What you will do: Copy all lines below exactly as written. Leave pictures out.

Source data:
☆ ☆ ☆
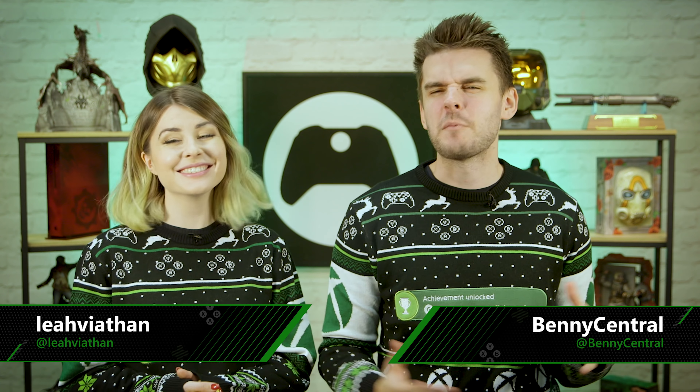Ho Ho Ho! Welcome back to Xbox On! It's that time of the year where we're all dashing out to buy last minute gifts, so whether you're looking to pick something up for the gamer in your life or just want a couple more things to add to your own wishlist, here's our guide to the best Xbox-related gifts available this Christmas.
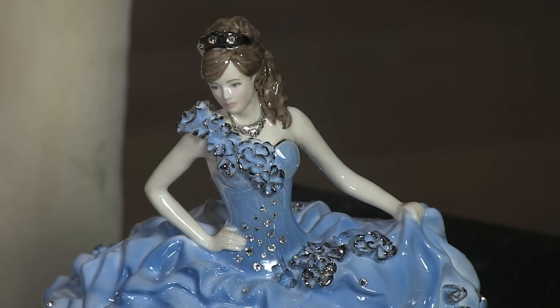It's just so fine — her fingers, her hands, the jewelry — everything about this porcelain figurine is absolutely beautiful.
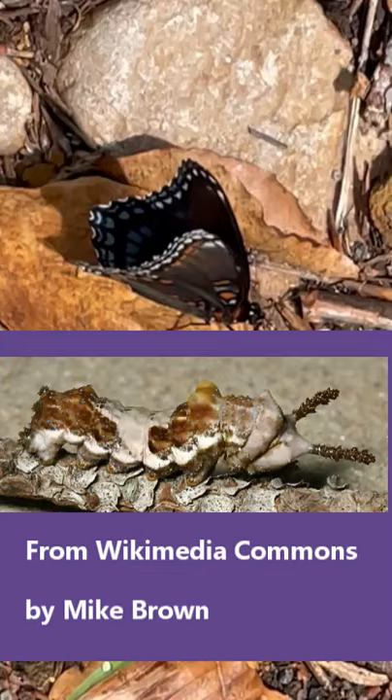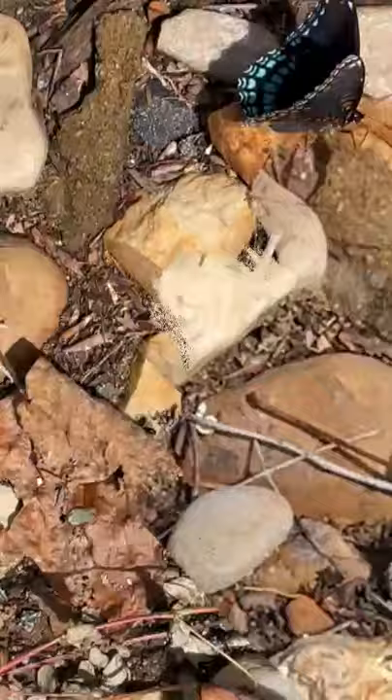Even the caterpillars of the red spotted purples are mimics. They look like bird poop. When their caterpillars want to rest, they connect a little bit of their poop on the end of a stick with some silk, and then they crawl out there hiding with the poop.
☆ ☆ ☆
Exercise solution:
Ho Ho Ho! Welcome back to Xbox On! It's that time of the year where we're all dashing out to buy last minute gifts, so whether you're looking to pick something up for the gamer in your life or just want a couple more things to add to your own wishlist, here's our guide to the best Xbox-related gifts available this Christmas.
It's just so fine — her fingers, her hands, the jewelry — everything about this porcelain figurine is absolutely beautiful.
Even the caterpillars of the red spotted purples are mimics. They look like bird poop. When their caterpillars want to rest, they connect a little bit of their poop on the end of a stick with some silk, and then they crawl out there hiding with the poop.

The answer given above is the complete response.